Famílias na política alagoana do século XX (IV): Mendonça

Palacete do Barão de Jaraguá na Praça D. Pedro II em 1908

Manuel Joaquim de Mendonça Castelo Branco, o Barão de Anadia

O primeiro Mendonça a ter poder político em Alagoas foi o português José de Mendonça de Matos Moreira. Após desembarcar na Bahia, chegou à Comarca de Alagoas em 16 de dezembro de 1779 para ser Corregedor e 14º Ouvidor Geral.

Em 1798 foi nomeado Juiz Conservador das Matas e em seguida adquiriu várias propriedades na região norte do futuro estado de Alagoas. Foram seus os engenhos Carrilho, Maranhão, Unussu, Buenos Aires, Vale e o do Meio.

Foi ele quem estabeleceu o domínio da família Mendonça sobre a política e a economia em Alagoas a partir dos últimos anos do século XVIII. Esse poder se estende até o final século XIX, principalmente pela influência de seu filho, senador Jacinto Paes de Mendonça e seus sucessores.

Ao morrer, o seu testamento revela que deixou cinco propriedades para seus filhos, frutos de uma relação extraconjungal que tivera com Maria Josefa de Sousa Alarcão Ayala. São eles: José de Mendonça de Matos Alarcão Ayala; Jacinto Paes Moreira de Mendonça, Bernardo Antônio de Mendonça; Bárbara Francisca Xavier de Matos; Maria Josefa Diniz de Alarcão Ayala, José Antônio de Mendonça Alarcão Ayala.

Após relações com outras famílias, os Mendonças se desdobraram em vários ramos, tais como os Moreira de Mendonça, os Mendonça Uchôa, os Cavalcanti de Mendonça, os Wanderley de Mendonça e os Alarcão Ayala.

Jacinto Paes Moreira de Mendonça foi casado com Ana Joaquina Uchôa e nomeado Barão de Murici em 1868. Foi eleito deputado provincial nas legislaturas 1830-33, 1846-47 e 1848/49, nesta última não tomou posse. Voltou a ter assento na Assembleia Provincial nas legislaturas 1856-57, 1858-59, 1860-61, 1862-63 e 1874-75.
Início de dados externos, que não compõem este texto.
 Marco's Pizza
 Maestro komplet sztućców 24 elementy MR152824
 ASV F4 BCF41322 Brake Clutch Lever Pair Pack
José Antônio Mendonça de Alarcão Ayala, que viria a ser o Barão de Jaraguá em 1860, participou ativamente da política alagoana como deputado provincial nas legislaturas 1844-45, 1848-49 e 1850/51. Foi ele quem Instalou a primeira fábrica de tecidos de Alagoas, em Fernão Velho, que começou a produzir em setembro de 1863. Era casado com Felicidade Perpétua de Mendonça.

Jacintho Paes Moreira de Mendonça, o Barão de Murici

Era o 2º vice-presidente em 21 de julho de 1859, quando assumiu interinamente o governo de 18 de agosto a 1º de outubro do mesmo ano. Foi ainda deputado geral nas legislaturas 1861-63 e 1869-72, além de ocupar o cargo de engenheiro fiscal da província.

O médico Afonso José de Mendonça, filho de Jacinto Paes de Mendonça, foi deputado provincial nas legislaturas 1882-83 e 1888-89. Com a proclamação da República, foi eleito para a Assembleia Constituinte, permanecendo na Assembleia nas legislaturas 1891-92 e 93-94.

Bernardo Antônio de Mendonça Sobrinho, cujo nome de batismo era Bernardo Antônio Paes de Mendonça, também foi deputado geral na legislatura 1885-89 e senador estadual na legislatura 1897-98. Era filho de Jacinto Paes de Mendonça e de Francisca de Barros Wanderley. Em maio de 1897 chegou ao Senado federal para um mandato de nove anos, permanecendo no cargo até março de 1905, quando faleceu. Era casado com Ana Bárbara de Matos Castelo Branco.

Seu filho Bernardo Antônio de Mendonça Castelo Branco era advogado formado pela Faculdade de Direito do Recife. Em 1852 presidiu a primeira Câmara Municipal instalada em Passo de Camaragibe. Foi suplente de deputado provincial na legislatura 1850-51.

Tomou posse como deputado provincial, pelo Partido Conservador, nas legislaturas 1858-59, 1860-61, 1862-63, 1868-69, nessa última não tomou assento, e 1870-71. Foi deputado geral nas legislaturas 1872-73, 1874-75, 1876-77, 1885 e 1886-89; e deputado federal, de maio de 1891 a dezembro de 1893, na primeira legislatura republicana.

O também advogado Jacinto de Assumpção Paes de Mendonça Castelo Branco foi outro filho de Bernardo Antônio de Mendonça com grande projeção política em Alagoas.  Mais conhecido como Jacinto Paes de Mendonça, assumiu o mandato de deputado provincial pelo Partido Conservador nas legislaturas de 1846-47, 1848-49, 1856-57, 1858-59, 1860-61.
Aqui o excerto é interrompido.